• [WHAT TO DO]: Using the data below, restate exactly every line from the one with "living area with" up to and including the one with "Taglierina a spazzola". No picture belongs in it.

• [SOURCE DATA]:
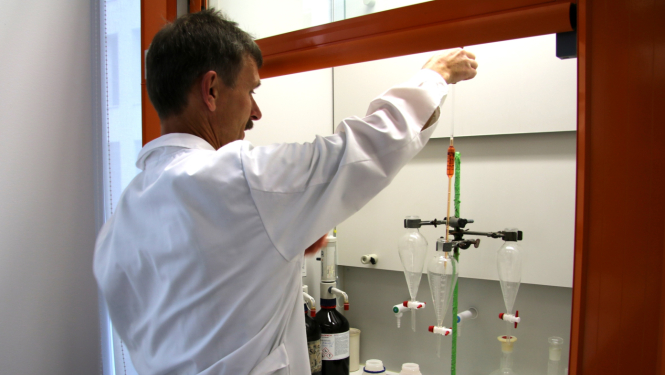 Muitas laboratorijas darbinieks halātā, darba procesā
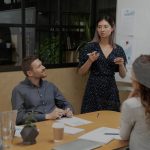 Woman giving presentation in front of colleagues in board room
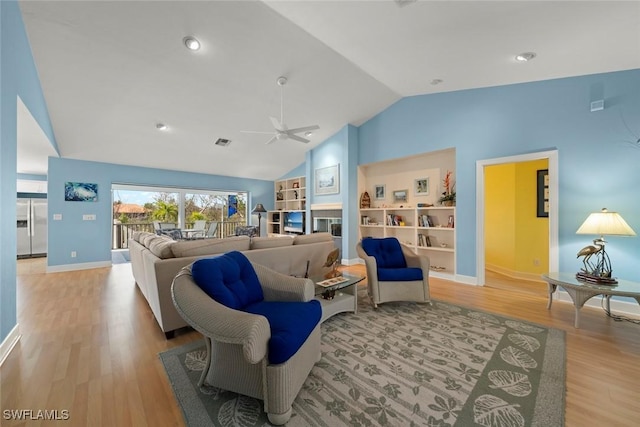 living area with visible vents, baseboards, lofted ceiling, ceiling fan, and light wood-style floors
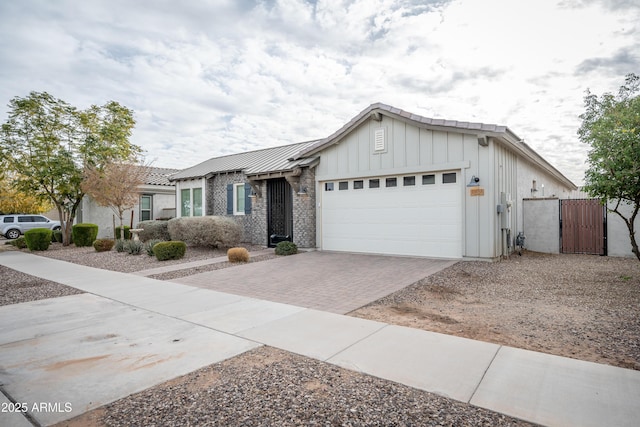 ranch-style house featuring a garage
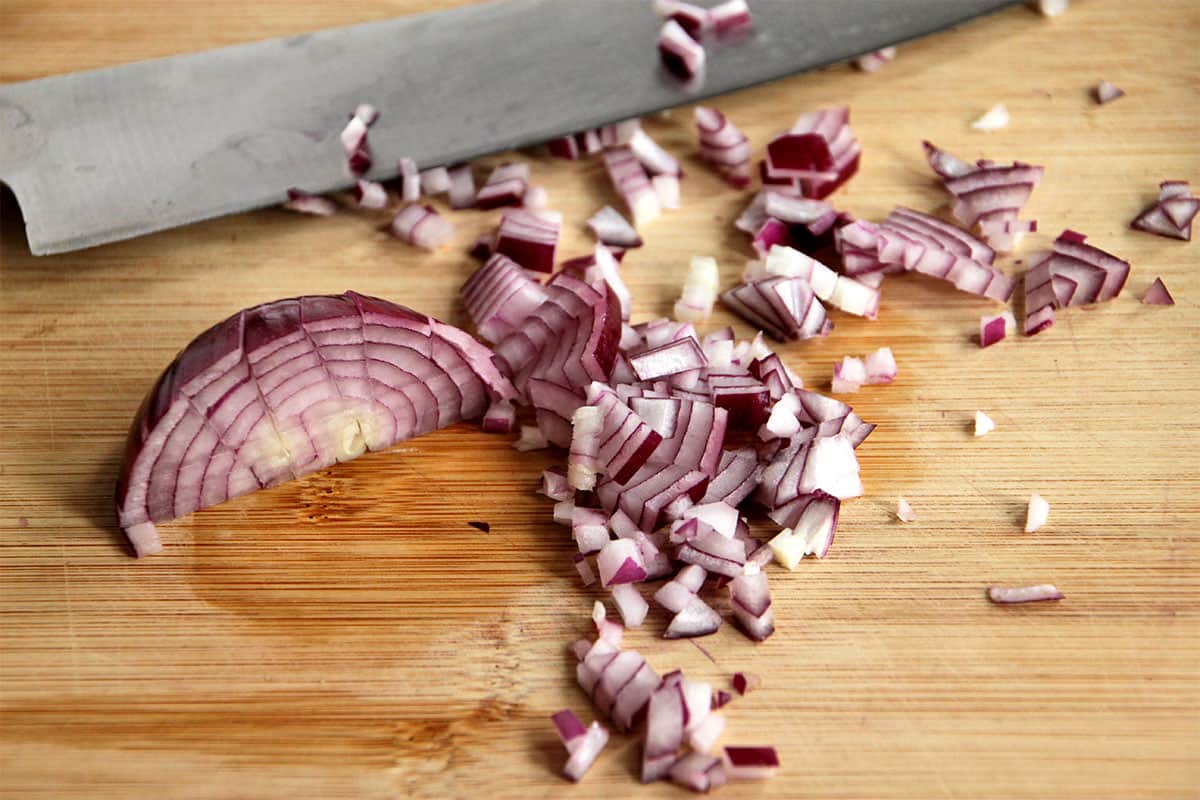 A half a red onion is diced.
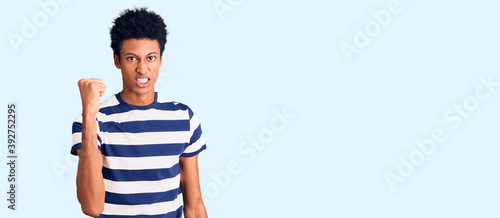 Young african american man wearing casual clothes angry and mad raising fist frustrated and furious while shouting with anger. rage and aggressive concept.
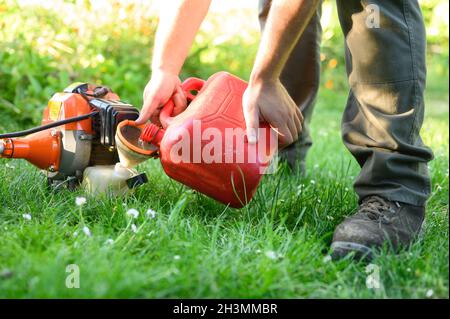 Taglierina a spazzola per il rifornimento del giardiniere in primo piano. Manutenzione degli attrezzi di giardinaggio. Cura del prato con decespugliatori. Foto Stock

* * *

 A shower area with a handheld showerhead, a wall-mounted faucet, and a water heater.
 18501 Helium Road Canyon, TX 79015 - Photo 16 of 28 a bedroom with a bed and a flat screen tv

---

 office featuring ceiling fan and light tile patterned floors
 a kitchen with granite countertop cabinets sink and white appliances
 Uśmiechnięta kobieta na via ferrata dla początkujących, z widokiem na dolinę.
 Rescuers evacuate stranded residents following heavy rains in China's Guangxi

• [SOLUTION TO THIS PROBLEM]:
 living area with visible vents, baseboards, lofted ceiling, ceiling fan, and light wood-style floors
 ranch-style house featuring a garage
 A half a red onion is diced.
 Young african american man wearing casual clothes angry and mad raising fist frustrated and furious while shouting with anger. rage and aggressive concept.
 Taglierina a spazzola per il rifornimento del giardiniere in primo piano. Manutenzione degli attrezzi di giardinaggio. Cura del prato con decespugliatori. Foto Stock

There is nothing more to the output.